There are no polar bears in the temperate rainforest that cloaks the Pacific Coast, but for 10,000 years a rare strain of white-phased black bear has existed in a remote archipelago between the north end of Vancouver Island and the Alaska Panhandle.
“It’s like Canada’s Galapagos up there,” Mr. McCrory said of the area that is now known as the Great Bear Rainforest.
The bear he saw, on Princess Royal Island, vanished almost as quickly as it had appeared. But the image had such a powerful impact on him that he was inspired to help launch what became an international environmental campaign involving Greenpeace, ForestEthics, the Rainforest Action Network and the Sierra Club.
“The moon was up and the wolves were howling. We were so struck by the pristine nature of the area, with salmon streams everywhere and bears and wolves, that we just couldn’t leave the area without drawing some lines on the map,” said Mr. McCrory of his first step in the campaign.
Some of the areas he set out on the map that evening will today be officially recognized by the government when Premier Gordon Campbell unveils plans to save large areas of the Great Bear Rainforest.
According to several sources, the government will preserve two million hectares from logging.
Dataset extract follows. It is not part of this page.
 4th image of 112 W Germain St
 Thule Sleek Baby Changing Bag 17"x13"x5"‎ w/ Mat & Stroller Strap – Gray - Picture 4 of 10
A key piece will be a new Spirit Bear Conservancy on Princess Royal Island, and it is expected that throughout the Great Bear Rainforest region, some 1.3 million hectares will be designated as new parks or conservancies.
No-logging zones will cover an additional 297,000 hectares, and some large no-hunting areas will be established.
In all, the government will protect an area about eight times the size of Luxembourg within the Great Bear Rainforest, a region that, in total, covers 6.4 million hectares on B.C.‘s north and central coast.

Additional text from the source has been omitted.